At present, there are a record-breaking six named tropical storms whirling in the Atlantic and Eastern Pacific Basins.
Humberto and Kiko were first spinning in the Atlantic and Eastern Pacific, and four new tropical cyclones formed Tuesday, September 17th: Imelda and Jerry in the Atlantic Basin, and Mario and Lorena in the Eastern Pacific Basin, according to The Weather Channel.
The last time six storms swirled at once in the Atlantic and Pacific was in 1992, according to Eric Blake from the National Hurricane Center.
The National Hurricane Center also reports that there have been as many as five active Atlantic tropical cyclones at once, which happened between September 10th-12th, 1971. However, no more than two of those cyclones were hurricane strength at any one time.
Four simultaneous Atlantic hurricanes were also recorded on August 22nd, 1893 and September 26th-27th, 1998. And five simultaneous named storms of tropical storm strength in the Eastern Pacific Basin were recorded on August 26th, 1974.
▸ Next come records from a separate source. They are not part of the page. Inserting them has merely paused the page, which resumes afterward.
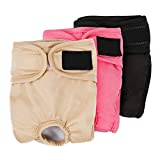 Productos con categoría de Moda en tu tienda favorita soledadloaeza.com.mx siempre a los mejores precios. Comparativas De Braguita Para Perro Del Mes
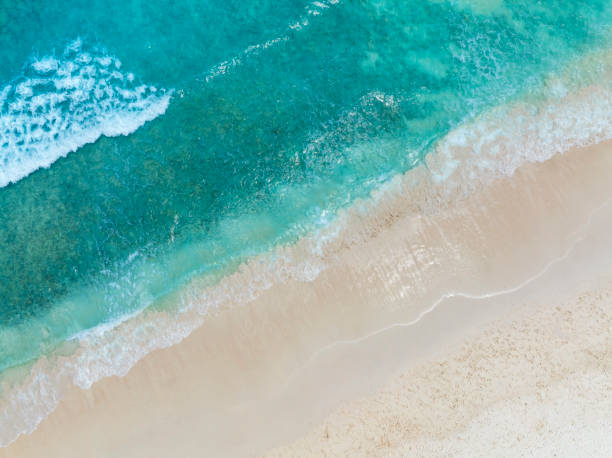 istock Summer tropical with Waves on the beach as a background 1503938218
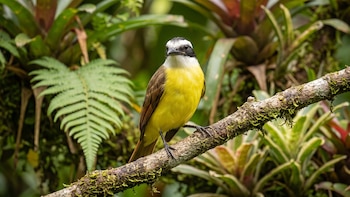 Un estudio estima que los ancestros de tordos y oropéndolas llegaron a Sudamérica hace 6,1 millones de años, antes de la unión terrestre de Panamá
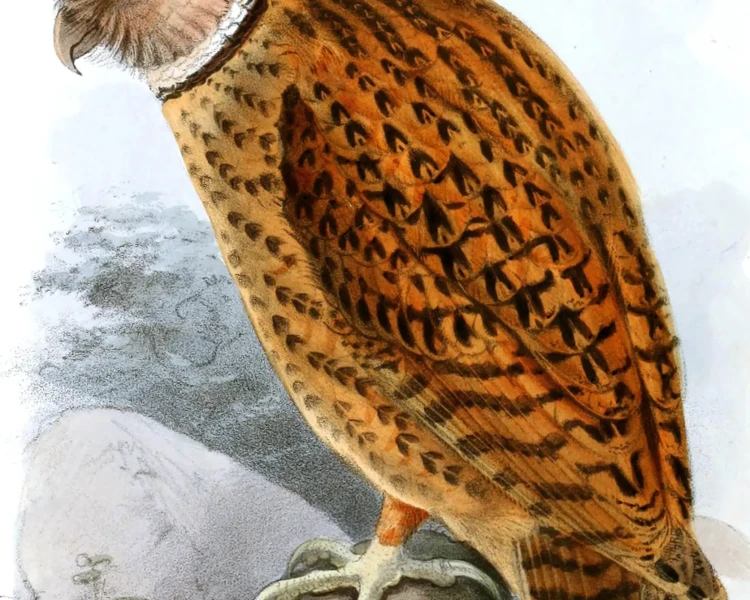 Golden masked owl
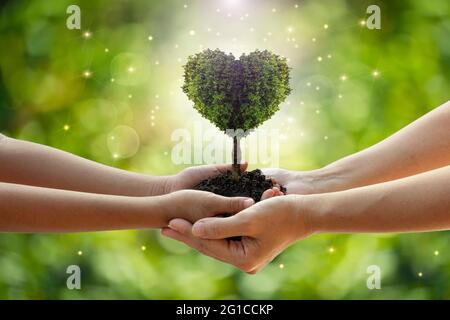 Environnement jour de la Terre mains de la nature. Les mains de fille tenant coeur forme arbres poussant sur fond vert bokeh. Écologie et nature. Banque D'Images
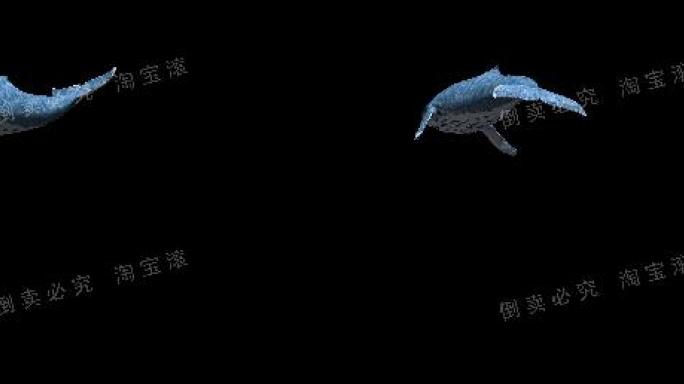 鲸鱼-宽屏（01）-alpha通道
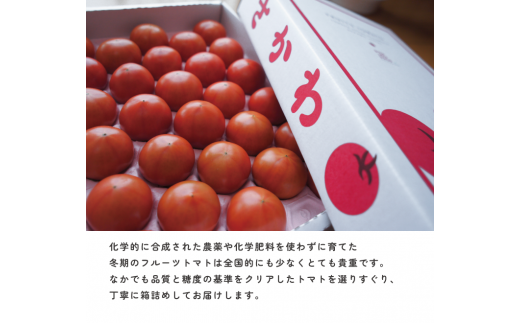 一つ一つ丁寧に丹精こめて育て、収穫されたトマトをご賞味ください！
September is peak hurricane month for both the Atlantic and Eastern Pacific Basins. It’s during this time of year that oceans are the warmest and ocean winds that can push tropical storms apart are at their weakest.
Furthermore, a large-scale wave in the atmosphere, known as a “convectively coupled Kelvin wave (CCKW), is also contributing to the active storm period. The CCKW has already made the Atlantic Basin into “a favorable state for tropical development,” according to Michael Ventrice, from The Weather Company, who spoke with Weather.com.
“This is the very same Kelvin wave that passed the Atlantic Basin back in the third week of August, aiding in the genesis of Hurricane Dorian,” Ventrice said. These Kelvin waves can circle the globe several times, he added, stating that it’s stronger passing the Pacific than it was back in early August.
Plus, a phenomenon called the Madden-Julian Oscillation (MJO) is helping tropical development along in the Atlantic Basin, and will remain in the area until early October. Hurricanes in the Carribbean and the Gulf of Mexico are four times more likely to occur when MJO is in a favorable phase, as it is now.